1. Rejecting all buggy programs, for some class of bugs, at the cost of also rejecting some valid programs is precisely what most (published) type do. "soft type systems" are the ones that let you run any valid program you want, and only catch some bugs. A type system should
  • Reject all buggy programs
  • Accept all bug-free programs (an untyped program is "accepted" if there is any way of assigning types to get a well-typed program)
  • Have decidable type inference (starting from a completely untyped program)
The full theorem says you get two. It's actually possible to get two. Say you start with the untyped lambda calculus, and want to avoid expressions that don't terminate.
  • The untyped lambda calculus already trivially accepts all terminating expressions and has decidable type inference (but also accepts all diverging expressions).
  • The simply typed lambda calculus rejects all non-terminating expressions and has decidable type inference (but rejects plenty of good programs too).
  • System F accepts all terminating expressions and rejects all nonterminating expressions (but inference is undecidable).
2 "Stronger" doesn't always mean the same thing, but lots of the work on already-sound type systems are about accepting more valid programs while still completely excluding some class of bugs. If you are just worried about keeping the wrong primitive types aways from case statements then simple types, Hindley-Milner and MLF are all safe, but the stronger ones accept more programs.

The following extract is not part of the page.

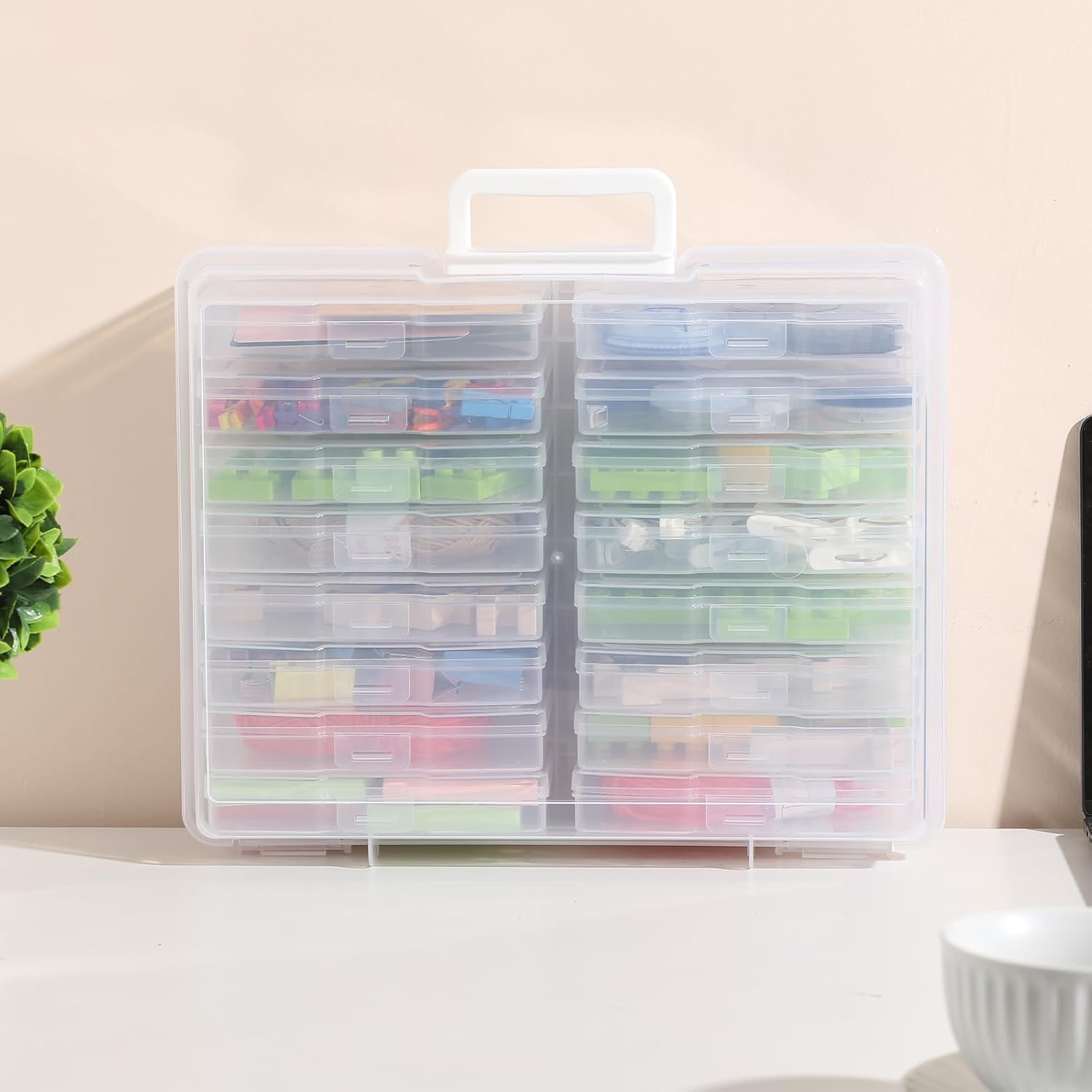 Portable Photo Organizers & Storage Containers, Transparent 4" x 6" Picture Organizers with Handle, 16 Inner Photo Cases, Photo Storage Box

There's a "full-employment" theorem here, saying you can improve a type system on one of the axes above without making it worse on the other two. Trivially, just hardcode some program mishandled by the existing system - maybe there's a more interesting result? (You can quantify decidability by looking at how much type information you have to add for your algorithm to infer the rest).

A perfect type system (scratch the static!) is impossible, but that means any type system can be improved.

-Brandon (brandon_m_moore on Yahoo)
Monday, March 31st, 2008 11:08 am (UTC)
Found you via a second-order reddit link.

This has to be one of the best notes on S/D I've seen, basically because it transcends the two-ignorant-camps default answer.

My background is C#, but I'm playing with python and ruby and lisp for small stuff. My problem is that I can't see how to scale dynamic languages to big stuff. You're making me think I'm probably going to need a seriously different approach. Any advice on how to learn large-scale dynamic development?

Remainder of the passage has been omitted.